BEGIN Records for processing

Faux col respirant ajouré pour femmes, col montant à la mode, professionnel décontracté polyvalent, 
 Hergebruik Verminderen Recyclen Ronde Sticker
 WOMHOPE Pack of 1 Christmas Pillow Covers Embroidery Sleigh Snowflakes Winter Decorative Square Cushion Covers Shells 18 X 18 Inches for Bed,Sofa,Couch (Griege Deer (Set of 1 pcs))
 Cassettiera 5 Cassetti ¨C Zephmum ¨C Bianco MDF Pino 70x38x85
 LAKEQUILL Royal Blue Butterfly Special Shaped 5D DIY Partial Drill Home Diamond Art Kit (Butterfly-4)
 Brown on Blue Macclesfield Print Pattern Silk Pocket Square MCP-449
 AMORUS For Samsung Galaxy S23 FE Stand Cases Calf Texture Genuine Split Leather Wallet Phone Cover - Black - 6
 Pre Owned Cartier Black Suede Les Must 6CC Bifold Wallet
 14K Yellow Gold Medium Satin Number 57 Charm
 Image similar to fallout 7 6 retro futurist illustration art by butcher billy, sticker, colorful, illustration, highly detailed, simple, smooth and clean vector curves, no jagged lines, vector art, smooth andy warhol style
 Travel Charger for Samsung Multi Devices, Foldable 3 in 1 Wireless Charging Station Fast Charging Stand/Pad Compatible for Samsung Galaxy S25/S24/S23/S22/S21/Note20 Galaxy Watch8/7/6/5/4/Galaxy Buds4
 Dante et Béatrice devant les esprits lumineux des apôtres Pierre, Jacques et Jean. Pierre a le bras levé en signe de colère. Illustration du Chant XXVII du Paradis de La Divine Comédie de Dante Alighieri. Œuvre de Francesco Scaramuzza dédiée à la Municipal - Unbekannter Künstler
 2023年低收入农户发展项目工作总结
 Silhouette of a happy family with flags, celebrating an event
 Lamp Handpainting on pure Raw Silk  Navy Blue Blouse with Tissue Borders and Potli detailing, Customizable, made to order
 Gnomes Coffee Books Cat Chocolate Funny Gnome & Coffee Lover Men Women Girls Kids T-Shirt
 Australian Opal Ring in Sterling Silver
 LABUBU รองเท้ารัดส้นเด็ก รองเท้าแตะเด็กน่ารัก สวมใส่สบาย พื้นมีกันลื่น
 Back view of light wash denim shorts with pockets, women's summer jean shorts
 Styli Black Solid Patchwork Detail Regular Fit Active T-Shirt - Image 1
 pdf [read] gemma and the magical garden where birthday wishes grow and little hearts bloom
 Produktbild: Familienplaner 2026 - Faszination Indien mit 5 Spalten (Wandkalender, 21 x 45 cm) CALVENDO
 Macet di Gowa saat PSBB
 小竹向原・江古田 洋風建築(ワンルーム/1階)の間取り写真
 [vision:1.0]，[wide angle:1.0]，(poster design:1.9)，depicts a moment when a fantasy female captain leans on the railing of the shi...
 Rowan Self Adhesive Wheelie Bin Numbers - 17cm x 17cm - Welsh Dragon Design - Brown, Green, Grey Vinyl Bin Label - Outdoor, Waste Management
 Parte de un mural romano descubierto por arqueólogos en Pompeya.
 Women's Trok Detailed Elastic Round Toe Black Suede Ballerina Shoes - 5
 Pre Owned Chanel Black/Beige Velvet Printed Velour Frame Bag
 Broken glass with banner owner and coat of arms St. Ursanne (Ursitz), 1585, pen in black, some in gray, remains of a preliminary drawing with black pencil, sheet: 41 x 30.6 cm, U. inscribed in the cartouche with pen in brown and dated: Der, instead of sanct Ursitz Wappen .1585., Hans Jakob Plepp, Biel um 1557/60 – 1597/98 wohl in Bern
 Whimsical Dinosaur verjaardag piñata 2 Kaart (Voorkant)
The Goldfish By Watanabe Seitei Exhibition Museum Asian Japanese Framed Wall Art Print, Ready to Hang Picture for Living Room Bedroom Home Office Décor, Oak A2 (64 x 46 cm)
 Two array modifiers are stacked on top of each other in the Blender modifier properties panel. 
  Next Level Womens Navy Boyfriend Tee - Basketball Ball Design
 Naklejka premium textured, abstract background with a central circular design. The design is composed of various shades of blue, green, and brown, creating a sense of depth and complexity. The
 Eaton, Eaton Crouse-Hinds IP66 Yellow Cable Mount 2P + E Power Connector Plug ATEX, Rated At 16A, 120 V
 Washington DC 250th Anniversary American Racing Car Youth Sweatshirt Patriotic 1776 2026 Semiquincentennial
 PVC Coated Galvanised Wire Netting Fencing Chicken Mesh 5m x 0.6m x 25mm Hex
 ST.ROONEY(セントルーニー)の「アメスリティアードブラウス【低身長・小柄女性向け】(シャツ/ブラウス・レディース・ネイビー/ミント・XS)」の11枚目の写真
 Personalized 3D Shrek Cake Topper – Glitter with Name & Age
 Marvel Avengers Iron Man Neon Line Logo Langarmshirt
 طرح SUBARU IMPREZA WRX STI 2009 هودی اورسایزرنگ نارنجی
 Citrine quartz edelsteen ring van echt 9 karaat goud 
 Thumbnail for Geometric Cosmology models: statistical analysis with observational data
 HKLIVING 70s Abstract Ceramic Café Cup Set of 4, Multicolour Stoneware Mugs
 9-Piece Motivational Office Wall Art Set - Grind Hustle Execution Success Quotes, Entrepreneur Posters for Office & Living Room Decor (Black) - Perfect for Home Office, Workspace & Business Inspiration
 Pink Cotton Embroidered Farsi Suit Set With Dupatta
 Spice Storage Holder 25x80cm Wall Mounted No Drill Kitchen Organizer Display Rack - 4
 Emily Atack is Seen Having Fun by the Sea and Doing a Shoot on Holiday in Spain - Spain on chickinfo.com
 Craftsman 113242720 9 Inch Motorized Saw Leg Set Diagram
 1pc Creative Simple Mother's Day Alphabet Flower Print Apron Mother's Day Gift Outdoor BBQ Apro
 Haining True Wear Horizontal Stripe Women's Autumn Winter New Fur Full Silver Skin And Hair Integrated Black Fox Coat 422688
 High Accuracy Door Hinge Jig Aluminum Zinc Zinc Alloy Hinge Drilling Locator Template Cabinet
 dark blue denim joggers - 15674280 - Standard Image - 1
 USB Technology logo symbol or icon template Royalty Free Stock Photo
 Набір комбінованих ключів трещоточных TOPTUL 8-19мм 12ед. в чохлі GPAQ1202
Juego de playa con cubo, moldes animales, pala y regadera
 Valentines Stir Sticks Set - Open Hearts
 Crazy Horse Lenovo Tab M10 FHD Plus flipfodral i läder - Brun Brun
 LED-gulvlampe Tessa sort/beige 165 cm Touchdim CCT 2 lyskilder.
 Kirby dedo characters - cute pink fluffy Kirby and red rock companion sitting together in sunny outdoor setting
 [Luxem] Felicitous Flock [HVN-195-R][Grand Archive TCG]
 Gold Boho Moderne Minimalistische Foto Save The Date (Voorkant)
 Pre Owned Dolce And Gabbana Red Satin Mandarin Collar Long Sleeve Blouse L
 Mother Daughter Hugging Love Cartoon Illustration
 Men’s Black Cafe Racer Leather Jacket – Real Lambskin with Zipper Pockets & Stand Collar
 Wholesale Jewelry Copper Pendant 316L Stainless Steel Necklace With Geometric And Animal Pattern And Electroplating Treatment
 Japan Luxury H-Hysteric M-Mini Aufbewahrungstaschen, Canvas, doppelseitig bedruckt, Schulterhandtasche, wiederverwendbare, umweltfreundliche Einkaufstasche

END Records for processing

> Exercise instructions: From the entries above, return exactly the line containing "Parte de un", the line containing "The Goldfish By", and all lines between, and nothing else.

> Task answer:
 Parte de un mural romano descubierto por arqueólogos en Pompeya.
 Women's Trok Detailed Elastic Round Toe Black Suede Ballerina Shoes - 5
 Pre Owned Chanel Black/Beige Velvet Printed Velour Frame Bag
 Broken glass with banner owner and coat of arms St. Ursanne (Ursitz), 1585, pen in black, some in gray, remains of a preliminary drawing with black pencil, sheet: 41 x 30.6 cm, U. inscribed in the cartouche with pen in brown and dated: Der, instead of sanct Ursitz Wappen .1585., Hans Jakob Plepp, Biel um 1557/60 – 1597/98 wohl in Bern
 Whimsical Dinosaur verjaardag piñata 2 Kaart (Voorkant)
The Goldfish By Watanabe Seitei Exhibition Museum Asian Japanese Framed Wall Art Print, Ready to Hang Picture for Living Room Bedroom Home Office Décor, Oak A2 (64 x 46 cm)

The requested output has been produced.